Antes de comprender las rutinas sólo existía el caos. Al menos desde la perspectiva actual sería incapaz de volver a la locura anterior, aunque reconocía que, en ese caos de aquellos momentos, en aquella vida, se sentía como pez en el agua. Después boqueaba, no solo cuando sus manos presionaban la carótida y la tráquea, también porque repetir estructuras siempre le había parecido un coñazo. Se recordaba distraída, alocada, displicente y sobre todo incapaz de mantener la atención en aquello que le resultaba poco atractivo. Luego todo cambió. Le costó al comienzo, eran dos maneras de sentir tan diferentes que durante algunos meses quiso salir huyendo, precisamente porque no controlaba el caos.

Ahora sentía que había estado en un agujero y con una perspectiva limitada. Era curioso en realidad porque era antes cuando hacía y deshacía, cuando salía y entraba y estaba con quién le daba la real gana. Toda la vida había sentido que eso era la verdadera libertad, la independencia absoluta en la que era capaz de mantenerse con holgura sin necesidad de contar con nadie. No lo echaba de menos y se sorprendía pensando en voz alta cómo había divagado durante tanto tiempo. Había cambiado, eso le decían sus amistades, aquellas que compartieron durante años los dispendios del desenfreno. Quizá tuvieran razón, pero lo más probable es que ella hubiera estado ocultando lo que realmente era. Al principio y con toda seguridad por desconocimiento, pero cuando tomó las riendas de sus decisiones, se dio cuenta de que lo que ahora era había estado ahí desde siempre.

Los juegos inocentes de cuando era pequeña, los secuestros infantiles en los que nunca quería que la rescatasen. Las muñecas aprisionadas por pañuelos, el barro de los días lluviosos, sentirse sucia y mojada. Eran cosas de de niños decían y para ella también lo eran. Luego llegaron las películas, los libros y los comics en los que las mujeres eran sometidas de manera sutil o eran meros trofeos, objetos en los que se depositaban las perversiones de otros. En su mente joven se sacudió algo que no supo explicar y que tampoco pudo entender. Así que pasó el tiempo y todos sus deseos quedaron en espera. Se intercambiaron por otros más nuevos, otros que se amoldaban a la perfección a los nuevos tiempos y que le permitían mimetizarse con el entorno y ser libre y feliz.

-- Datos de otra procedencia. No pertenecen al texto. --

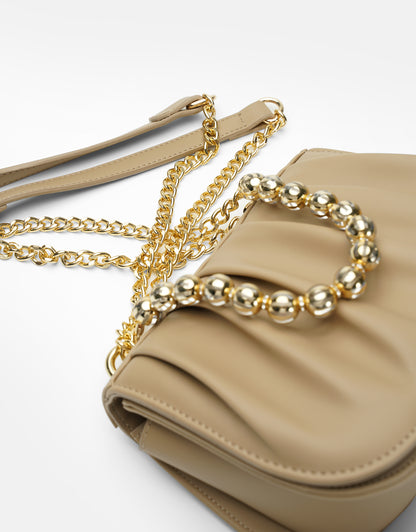 R1110 Katty Büzgülü Hatlara Sahip İnci Saplı Deri Kadın Çanta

Fue entonces cuando abrió la puerta de los sueños, ella no por supuesto. La abrieron de una patada por la que la cerradura y los goznes saltaron por los aires y la claridad volvió a su vida. Una sonrisa, unas botas, unas palabras y sus cimientos se convirtieron en arena mojada y sus pies se hundieron con él. El orden entonces era más sencillo que nunca, la espera más satisfactoria de lo que nunca imaginó y la necesidad se antojaba como ese vaso de agua fresca a punto de ser bebido cuando más sed se tiene. Era capaz de manejar el temple con sus cuerdas alrededor, dispuestas y limpias sobre la cubierta y el acero protegido por el cuero. Y era esa protección la que adoraba, sentir que cuidaba de ella de la misma manera que de sus utensilios. Sentirse objeto era algo que había descubierto recientemente y lo adoraba. Y todo se reducía a eso y a él, a la espera en la que disfrutaba de su llegada o de su ida.